Eu me lembro, porém, de ter dito algumas vezes que você me faria infeliz; mas esse medo logo dissipava, e eu tinha prazer em sacrificá-lo e me render à graças e à falsidade de seus protestos. Vejo qual é o remédio para todos os meus problemas, e logo ficaria livre deles se não amasse mais você. Mas que remédio nada! Prefiro sofre mais ainda do que esquecer você. Será que isso depende de mim? Não posso me repreender por querer, durante um único momento, deixar de amar você. Sua situação é mais lamentável do que a minha; é melhor sofrer tudo o que sofro do que gozar dos prazeres insípidos que suas amantes lhe proporcionam aí na França. Não invejo sua indiferença, e você me dá pena. Desafio você a me esquecer para sempre. Orgulho-me de tê-lo conduzido a um estado tal que somente comigo você experimente o prazer perfeito; e sou mais feliz do que você, porque tenho mais ocupações.

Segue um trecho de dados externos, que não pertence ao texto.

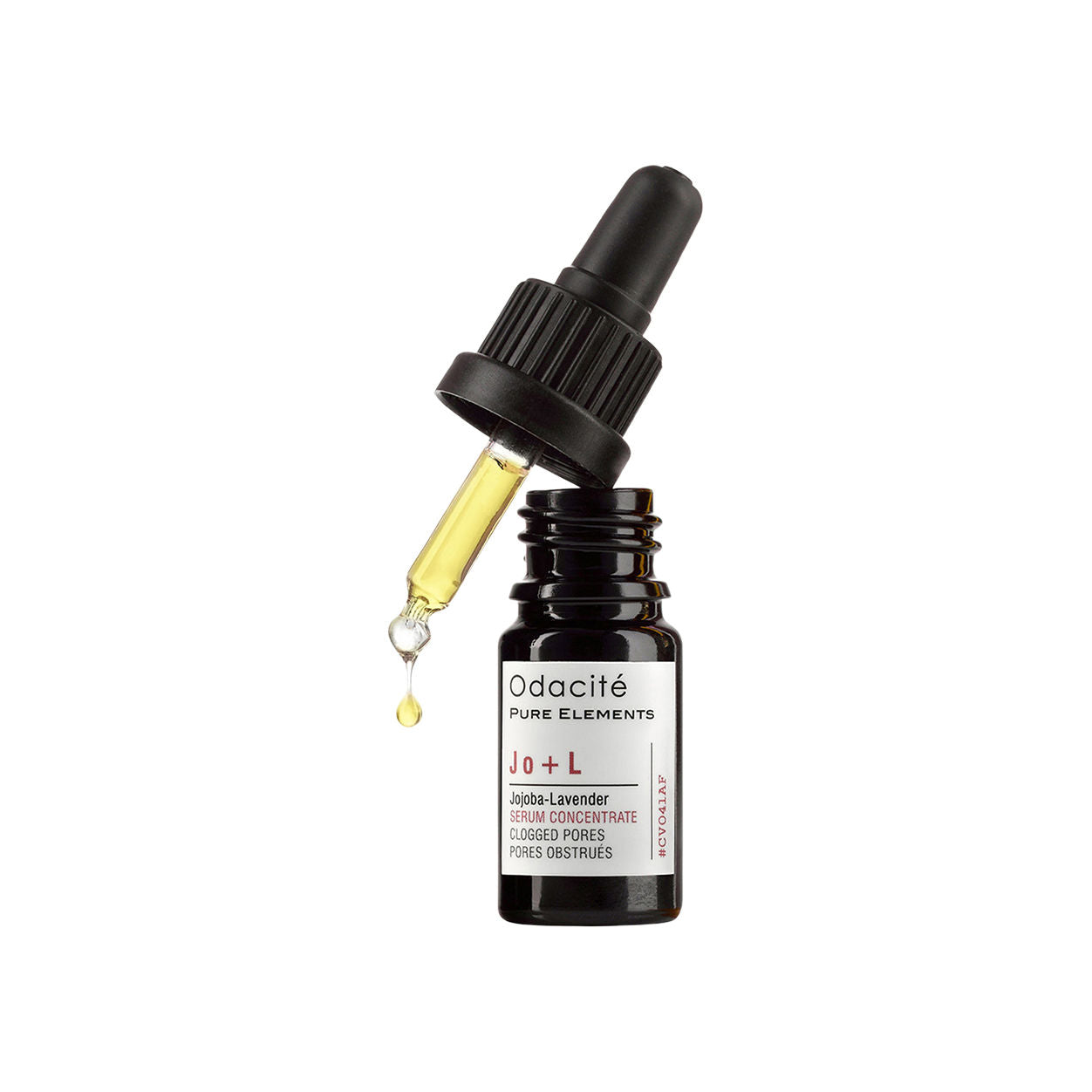 Organic Jojoba & Lavender Serum Concentrate for Face – Hydrating, Anti-Aging Skincare – Perfect for Dry Skin & Nighttime Routine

Há pouco tempo fui nomeada porteira desse convento. Todos os que falam comigo acham que sou louca. Não sei o que responder a eles. E acho que as freiras são tão insensatas quanto eu ao me julgarem capaz de algum encargo. Como invejo a sorte de Emanuel e Francisco (dois criados portugueses). Por que não estou sempre a seu lado como eles? Eu teria acompanhado você e servido você melhor que eles, com certeza. A coisa que mais desejo no mundo é ver você. Pelo menos você se lembra de mim? Essa simples lembrança já me contenta, embora não ouse ter certeza disso. Quando eu via você todos os dias, não limitava minhas esperanças à lembrança que você tinha de mim; mas você me ensinou a submeter a todos os seus desejos. Apesar disso, não me arrependo de ter adorado você, e acho maravilhoso que você tenha me seduzido.

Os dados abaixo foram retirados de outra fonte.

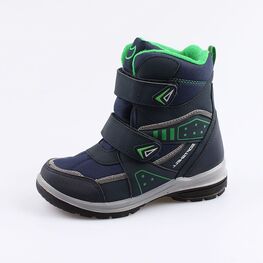 654983-42 Мембранные ботинки для мальчики светло-синий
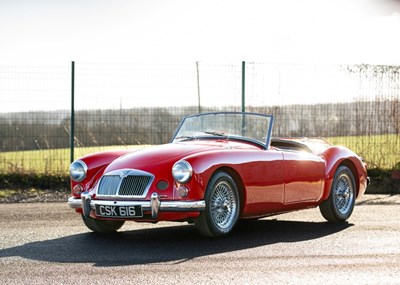 Lot 139 - 1980 MGA Roadster Twin Cam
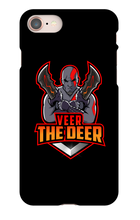 Veer The Deer iPhone Phone Cases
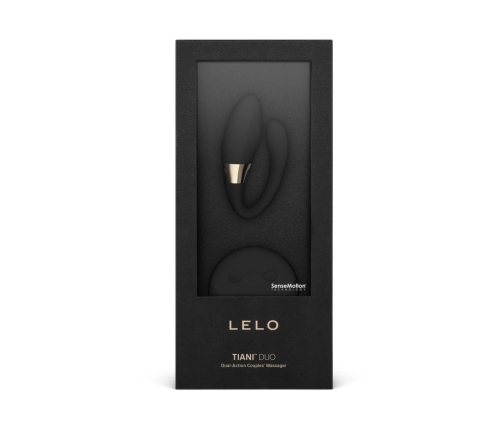 Lelo - Tiani Duo Black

Sua ausência cruel, e talvez definitiva, não diminui em nada o êxtase do meu amor. Quero que o mundo inteiro saiba dele, não faço segredo, e me sinto feliz por ter feito tudo o que fiz por você, ainda que contra todo tipo de decência. E já que cheguei a esse ponto, que minha honra e minha religião só me sirvam para amar você perdidamente por toda a minha vida. Não estou dizendo tudo isso para obrigar você a me escrever. Não se incomode. Nada quero de você que não que seja espontâneo, e recuso todas as provas de amor que sejam forçadas. Terei prazer em perdoá-lo se for confortável para você não me escrever. Sinto profunda disposição de perdoar todas as suas faltas para comigo.

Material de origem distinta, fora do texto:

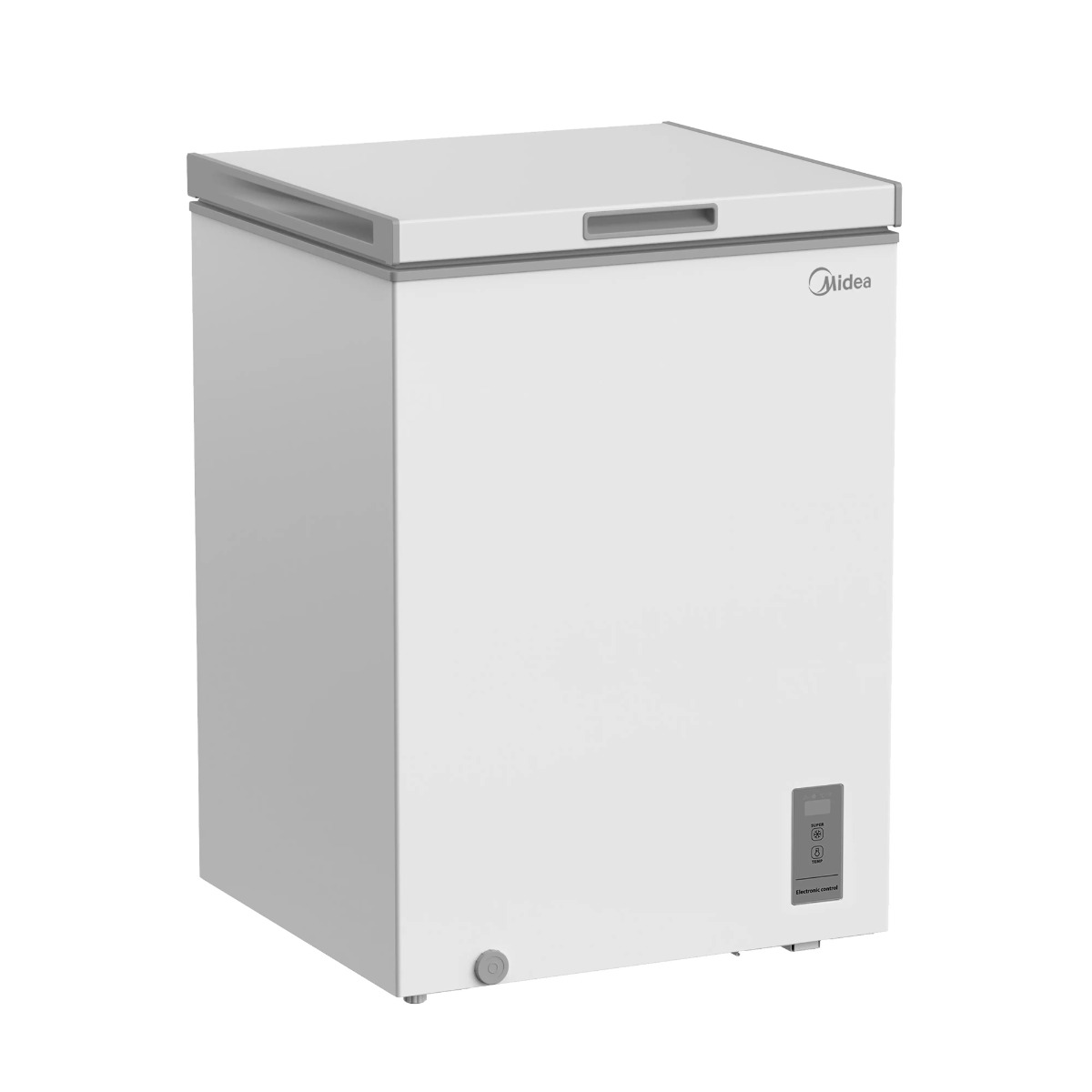 Midea freezer Chest Freezer MDRC211FZE01 — 3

Um oficial francês teve a caridade de me falar de você durante três horas essa manhã. Ele me disse que a França já está em paz. Se é assim, você não poderia vir me ver e me levar para a França? Mas eu não mereço. Faça o que você quiser. Meu amor não depende mais da maneira como você me trata. Depois que você partiu, eu não tive um único instante de saúde; e não experimentei qualquer outro prazer que o de chamar seu nome mil vezes ao dia. Algumas freiras, que sabem do estado deplorável em que você me afundou, falam-me de você muitas vezes. Saio o mínimo possível desse quarto onde você veio tantas vezes, e passo o tempo todo olhando para o seu retrato, que me é mil vezes mais querido que minha própria vida. É um prazer olhar para ele, mas também me faz sofrer quando penso que talvez nunca mais eu veja você. Como é possível que eu nunca mais vá ver você? Será que você me abandonou para sempre? Estou desesperada. Sua pobre Mariana já não aguenta mais, vai desmaiar ao terminar essa carta. Adeus. Adeus, tenha pena de mim."